Some (older) sources characterize this species as Cacatua leadbeateri but the Cacatua genus only contains white cockatoos and Major Mitchell’s Cockatoo (or Pink Cockatoo as it is also called) has its own genus: Lophochroa.
It is rare in aviculture compared to other cockatoos.
Lifespan is up to about 80 years.
BirdLife International. 2018. Cacatua leadbeateri.
The IUCN Red List of Threatened Species 2018: e.T22684767A131914793.
Downloaded on 14 July 2021.
The overall plumage is a soft textured white with salmon-pink chest, head and underbody. The crest is white when folded down but displays bright red and yellow bands when raised.

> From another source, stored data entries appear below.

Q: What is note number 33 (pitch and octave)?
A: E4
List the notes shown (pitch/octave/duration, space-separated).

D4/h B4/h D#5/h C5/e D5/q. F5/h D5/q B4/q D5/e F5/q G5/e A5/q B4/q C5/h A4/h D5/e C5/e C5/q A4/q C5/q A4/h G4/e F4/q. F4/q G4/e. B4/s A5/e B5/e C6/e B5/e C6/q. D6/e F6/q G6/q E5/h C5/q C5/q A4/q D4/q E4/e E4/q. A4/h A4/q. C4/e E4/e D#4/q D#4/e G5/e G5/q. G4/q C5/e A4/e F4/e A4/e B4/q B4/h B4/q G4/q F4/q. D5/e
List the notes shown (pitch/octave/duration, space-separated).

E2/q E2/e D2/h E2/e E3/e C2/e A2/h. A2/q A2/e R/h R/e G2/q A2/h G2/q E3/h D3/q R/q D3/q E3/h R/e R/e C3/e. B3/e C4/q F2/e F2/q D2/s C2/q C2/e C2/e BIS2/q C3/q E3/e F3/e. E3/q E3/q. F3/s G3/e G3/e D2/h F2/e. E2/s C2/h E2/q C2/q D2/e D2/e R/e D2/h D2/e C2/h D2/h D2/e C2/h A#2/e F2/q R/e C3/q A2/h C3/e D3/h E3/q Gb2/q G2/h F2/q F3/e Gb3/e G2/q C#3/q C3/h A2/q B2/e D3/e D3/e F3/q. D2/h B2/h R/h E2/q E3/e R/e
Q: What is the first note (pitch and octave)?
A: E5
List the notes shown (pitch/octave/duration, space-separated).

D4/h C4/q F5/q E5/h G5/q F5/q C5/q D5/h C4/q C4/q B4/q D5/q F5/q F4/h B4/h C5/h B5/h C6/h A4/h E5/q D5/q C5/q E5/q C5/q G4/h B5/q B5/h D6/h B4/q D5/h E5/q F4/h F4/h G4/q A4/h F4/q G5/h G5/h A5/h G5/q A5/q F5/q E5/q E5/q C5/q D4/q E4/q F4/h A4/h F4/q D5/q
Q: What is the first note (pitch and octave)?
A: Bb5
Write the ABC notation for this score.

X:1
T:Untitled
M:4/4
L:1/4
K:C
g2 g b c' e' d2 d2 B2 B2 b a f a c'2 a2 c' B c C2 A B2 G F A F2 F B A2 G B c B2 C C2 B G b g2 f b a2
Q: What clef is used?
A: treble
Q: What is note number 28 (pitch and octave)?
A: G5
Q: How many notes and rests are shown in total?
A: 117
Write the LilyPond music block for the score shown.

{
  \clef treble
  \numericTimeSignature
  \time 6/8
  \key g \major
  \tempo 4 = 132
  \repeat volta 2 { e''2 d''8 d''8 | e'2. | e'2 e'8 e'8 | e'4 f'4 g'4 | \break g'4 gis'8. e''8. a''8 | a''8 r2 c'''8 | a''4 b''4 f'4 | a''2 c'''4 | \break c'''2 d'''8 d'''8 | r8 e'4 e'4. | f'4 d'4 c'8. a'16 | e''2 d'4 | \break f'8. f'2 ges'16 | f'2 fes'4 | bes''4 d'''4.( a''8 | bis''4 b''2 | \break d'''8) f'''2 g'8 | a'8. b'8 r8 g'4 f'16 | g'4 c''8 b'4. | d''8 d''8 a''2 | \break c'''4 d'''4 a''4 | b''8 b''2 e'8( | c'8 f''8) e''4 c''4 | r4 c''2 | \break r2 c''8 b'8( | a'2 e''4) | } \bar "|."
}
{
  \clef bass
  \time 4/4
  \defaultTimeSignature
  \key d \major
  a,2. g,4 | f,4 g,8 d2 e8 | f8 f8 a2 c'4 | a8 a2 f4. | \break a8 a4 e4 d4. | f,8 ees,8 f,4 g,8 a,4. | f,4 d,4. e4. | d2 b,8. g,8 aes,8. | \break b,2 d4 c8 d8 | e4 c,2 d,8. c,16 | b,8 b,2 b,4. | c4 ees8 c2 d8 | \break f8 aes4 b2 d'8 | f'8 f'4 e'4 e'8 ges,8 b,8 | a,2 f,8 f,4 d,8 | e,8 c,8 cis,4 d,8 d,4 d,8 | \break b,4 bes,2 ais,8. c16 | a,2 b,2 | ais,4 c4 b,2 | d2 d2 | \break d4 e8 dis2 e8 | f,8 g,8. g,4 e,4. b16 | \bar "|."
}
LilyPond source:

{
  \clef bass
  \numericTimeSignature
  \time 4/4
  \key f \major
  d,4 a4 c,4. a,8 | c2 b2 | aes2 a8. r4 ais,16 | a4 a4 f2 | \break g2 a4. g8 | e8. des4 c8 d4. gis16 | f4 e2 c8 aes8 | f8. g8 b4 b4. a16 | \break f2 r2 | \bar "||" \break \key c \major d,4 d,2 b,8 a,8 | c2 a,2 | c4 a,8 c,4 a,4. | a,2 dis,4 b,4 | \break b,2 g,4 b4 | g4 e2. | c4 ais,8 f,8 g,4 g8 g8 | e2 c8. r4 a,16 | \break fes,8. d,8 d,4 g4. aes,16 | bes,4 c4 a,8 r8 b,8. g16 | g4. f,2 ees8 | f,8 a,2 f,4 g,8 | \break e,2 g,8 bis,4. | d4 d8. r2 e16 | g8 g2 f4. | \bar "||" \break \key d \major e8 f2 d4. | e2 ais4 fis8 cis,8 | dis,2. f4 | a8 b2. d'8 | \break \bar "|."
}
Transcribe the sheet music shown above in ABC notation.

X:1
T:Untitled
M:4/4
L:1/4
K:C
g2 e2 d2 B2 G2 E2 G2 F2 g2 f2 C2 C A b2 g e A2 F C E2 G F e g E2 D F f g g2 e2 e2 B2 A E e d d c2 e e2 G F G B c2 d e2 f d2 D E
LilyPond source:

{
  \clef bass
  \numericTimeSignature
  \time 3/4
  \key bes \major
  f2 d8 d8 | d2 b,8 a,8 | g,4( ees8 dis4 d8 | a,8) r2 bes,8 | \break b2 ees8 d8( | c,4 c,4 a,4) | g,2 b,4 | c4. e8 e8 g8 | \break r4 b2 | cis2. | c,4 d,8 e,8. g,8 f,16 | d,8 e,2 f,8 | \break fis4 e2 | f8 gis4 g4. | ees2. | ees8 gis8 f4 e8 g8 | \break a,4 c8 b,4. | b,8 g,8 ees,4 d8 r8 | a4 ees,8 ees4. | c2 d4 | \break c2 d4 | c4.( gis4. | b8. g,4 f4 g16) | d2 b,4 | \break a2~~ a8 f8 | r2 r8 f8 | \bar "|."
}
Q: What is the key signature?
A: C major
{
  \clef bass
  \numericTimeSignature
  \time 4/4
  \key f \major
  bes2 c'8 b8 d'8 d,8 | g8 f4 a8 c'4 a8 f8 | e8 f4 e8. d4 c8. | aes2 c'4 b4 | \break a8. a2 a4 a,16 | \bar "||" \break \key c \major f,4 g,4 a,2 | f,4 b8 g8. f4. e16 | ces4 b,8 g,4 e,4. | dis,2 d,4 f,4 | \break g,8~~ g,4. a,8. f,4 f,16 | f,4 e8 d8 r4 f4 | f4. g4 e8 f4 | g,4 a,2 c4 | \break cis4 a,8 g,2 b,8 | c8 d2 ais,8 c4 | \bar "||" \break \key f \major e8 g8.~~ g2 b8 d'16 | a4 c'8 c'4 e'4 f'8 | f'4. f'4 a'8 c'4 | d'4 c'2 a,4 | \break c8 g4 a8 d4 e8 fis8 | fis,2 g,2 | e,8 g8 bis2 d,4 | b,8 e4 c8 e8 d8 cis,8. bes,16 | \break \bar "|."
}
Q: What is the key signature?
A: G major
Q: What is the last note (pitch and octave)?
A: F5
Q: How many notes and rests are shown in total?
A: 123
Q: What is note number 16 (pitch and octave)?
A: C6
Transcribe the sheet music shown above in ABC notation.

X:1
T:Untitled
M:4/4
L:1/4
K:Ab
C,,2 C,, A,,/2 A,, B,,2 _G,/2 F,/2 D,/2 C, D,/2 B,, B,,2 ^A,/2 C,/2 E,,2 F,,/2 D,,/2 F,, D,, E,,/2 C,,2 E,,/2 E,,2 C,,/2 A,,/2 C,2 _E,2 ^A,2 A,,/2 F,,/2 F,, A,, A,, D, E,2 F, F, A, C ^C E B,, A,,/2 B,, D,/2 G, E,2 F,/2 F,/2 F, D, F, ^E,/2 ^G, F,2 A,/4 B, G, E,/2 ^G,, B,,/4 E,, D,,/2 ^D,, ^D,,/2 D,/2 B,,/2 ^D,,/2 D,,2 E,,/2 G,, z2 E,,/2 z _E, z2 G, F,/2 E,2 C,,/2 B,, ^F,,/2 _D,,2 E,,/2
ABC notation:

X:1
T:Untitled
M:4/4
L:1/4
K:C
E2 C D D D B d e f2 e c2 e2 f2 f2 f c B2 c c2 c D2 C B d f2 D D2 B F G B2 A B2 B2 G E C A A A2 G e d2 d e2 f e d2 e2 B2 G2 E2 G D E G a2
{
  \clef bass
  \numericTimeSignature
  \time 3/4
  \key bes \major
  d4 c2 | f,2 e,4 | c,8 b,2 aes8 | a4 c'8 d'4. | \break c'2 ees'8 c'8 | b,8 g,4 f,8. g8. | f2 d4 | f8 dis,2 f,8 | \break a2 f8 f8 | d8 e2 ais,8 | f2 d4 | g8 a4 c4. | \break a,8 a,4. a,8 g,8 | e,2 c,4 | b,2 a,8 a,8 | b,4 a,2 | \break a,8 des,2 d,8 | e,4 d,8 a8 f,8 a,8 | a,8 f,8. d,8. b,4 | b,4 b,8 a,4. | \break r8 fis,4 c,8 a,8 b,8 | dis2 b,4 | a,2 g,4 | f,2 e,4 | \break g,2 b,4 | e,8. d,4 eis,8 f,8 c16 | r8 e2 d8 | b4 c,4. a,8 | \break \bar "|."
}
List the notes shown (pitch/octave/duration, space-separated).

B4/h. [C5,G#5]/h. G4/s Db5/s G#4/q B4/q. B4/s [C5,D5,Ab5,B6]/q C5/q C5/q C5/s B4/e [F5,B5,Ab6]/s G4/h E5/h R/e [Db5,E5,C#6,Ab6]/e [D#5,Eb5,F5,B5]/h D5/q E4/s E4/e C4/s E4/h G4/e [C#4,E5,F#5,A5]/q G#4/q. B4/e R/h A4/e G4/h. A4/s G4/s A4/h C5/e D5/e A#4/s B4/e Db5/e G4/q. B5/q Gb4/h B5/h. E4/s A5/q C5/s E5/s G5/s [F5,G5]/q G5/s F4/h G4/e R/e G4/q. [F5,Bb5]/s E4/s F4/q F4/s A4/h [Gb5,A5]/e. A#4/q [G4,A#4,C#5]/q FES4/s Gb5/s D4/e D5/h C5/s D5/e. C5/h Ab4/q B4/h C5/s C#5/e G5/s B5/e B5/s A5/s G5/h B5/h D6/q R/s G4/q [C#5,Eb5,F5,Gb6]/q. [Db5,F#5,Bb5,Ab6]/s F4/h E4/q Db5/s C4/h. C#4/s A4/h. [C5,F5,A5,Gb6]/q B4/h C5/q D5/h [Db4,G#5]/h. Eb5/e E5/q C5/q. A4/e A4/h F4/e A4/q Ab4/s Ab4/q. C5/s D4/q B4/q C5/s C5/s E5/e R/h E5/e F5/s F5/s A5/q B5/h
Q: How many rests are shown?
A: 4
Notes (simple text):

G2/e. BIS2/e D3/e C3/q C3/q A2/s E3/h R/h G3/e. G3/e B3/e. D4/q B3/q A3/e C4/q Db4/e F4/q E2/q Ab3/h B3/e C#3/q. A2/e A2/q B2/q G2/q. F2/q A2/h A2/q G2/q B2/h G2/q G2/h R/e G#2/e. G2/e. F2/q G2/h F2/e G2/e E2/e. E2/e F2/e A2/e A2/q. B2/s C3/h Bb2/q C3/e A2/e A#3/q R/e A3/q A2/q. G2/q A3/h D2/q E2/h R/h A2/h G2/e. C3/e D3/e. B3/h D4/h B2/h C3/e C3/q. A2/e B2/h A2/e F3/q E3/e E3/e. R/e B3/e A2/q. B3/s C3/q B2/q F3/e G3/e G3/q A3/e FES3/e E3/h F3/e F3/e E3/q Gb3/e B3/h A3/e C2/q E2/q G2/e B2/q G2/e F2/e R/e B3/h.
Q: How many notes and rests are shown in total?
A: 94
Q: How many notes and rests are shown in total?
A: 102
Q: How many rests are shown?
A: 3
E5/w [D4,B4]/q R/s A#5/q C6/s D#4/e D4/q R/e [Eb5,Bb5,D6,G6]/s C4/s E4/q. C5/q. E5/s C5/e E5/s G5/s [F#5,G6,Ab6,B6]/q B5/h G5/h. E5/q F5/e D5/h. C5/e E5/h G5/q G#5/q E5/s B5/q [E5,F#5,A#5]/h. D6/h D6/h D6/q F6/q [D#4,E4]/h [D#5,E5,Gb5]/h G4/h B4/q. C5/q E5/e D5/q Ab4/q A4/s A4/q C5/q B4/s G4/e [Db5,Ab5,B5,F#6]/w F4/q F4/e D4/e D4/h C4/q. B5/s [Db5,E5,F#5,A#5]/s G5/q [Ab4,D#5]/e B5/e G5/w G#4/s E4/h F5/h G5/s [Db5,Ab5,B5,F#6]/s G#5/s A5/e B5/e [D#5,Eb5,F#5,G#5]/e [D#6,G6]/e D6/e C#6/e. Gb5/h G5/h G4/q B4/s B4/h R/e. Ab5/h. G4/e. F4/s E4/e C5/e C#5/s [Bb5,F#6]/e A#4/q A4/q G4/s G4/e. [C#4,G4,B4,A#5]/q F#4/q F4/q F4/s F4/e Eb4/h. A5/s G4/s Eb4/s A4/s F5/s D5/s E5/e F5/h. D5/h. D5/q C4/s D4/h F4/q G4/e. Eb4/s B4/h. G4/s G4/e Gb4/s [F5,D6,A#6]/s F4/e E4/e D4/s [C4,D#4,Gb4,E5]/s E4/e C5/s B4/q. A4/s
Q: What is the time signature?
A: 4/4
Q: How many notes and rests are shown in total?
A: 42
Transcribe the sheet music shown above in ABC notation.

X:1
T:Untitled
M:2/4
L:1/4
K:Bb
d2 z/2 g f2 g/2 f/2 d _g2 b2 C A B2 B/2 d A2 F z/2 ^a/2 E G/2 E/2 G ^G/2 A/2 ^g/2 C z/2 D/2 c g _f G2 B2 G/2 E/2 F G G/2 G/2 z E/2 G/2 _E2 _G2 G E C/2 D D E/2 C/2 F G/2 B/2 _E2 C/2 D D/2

The underside of the wings are white with a wide salmon colored band in the middle.
Males have dark brown eyes; females have red eyes.
Length: 35 cm
Weight: 300 – 435 gram
Two subspecies are recognized:
Lophochroa leadbeateri leadbeateri (Vigors, 1831)
Lophochroa leadbeateri mollis (Mathews, 1912)
Major Mitchell’s Cockatoo is endemic to Australia, where it is native to inland arid and semi-arid areas of Australia.
They live in dry woodlands, especially mallee.
Wild birds feed on seeds of grasses and herbaceous plants, roots, bulbs, fruit and also insect larvae.
Major Mitchell’s Cockatoos nest in hollows in large trees.
The male and female share the task of enlarging the hollow by chewing on the tree and also on incubating the eggs, feeding and preening the chicks.
The clutch usually has 3-4 eggs and is laid on a bed of decayed wood, chips. Incubation period is about 22 – 24 days. The chicks leave the nest about 55 days after hatching.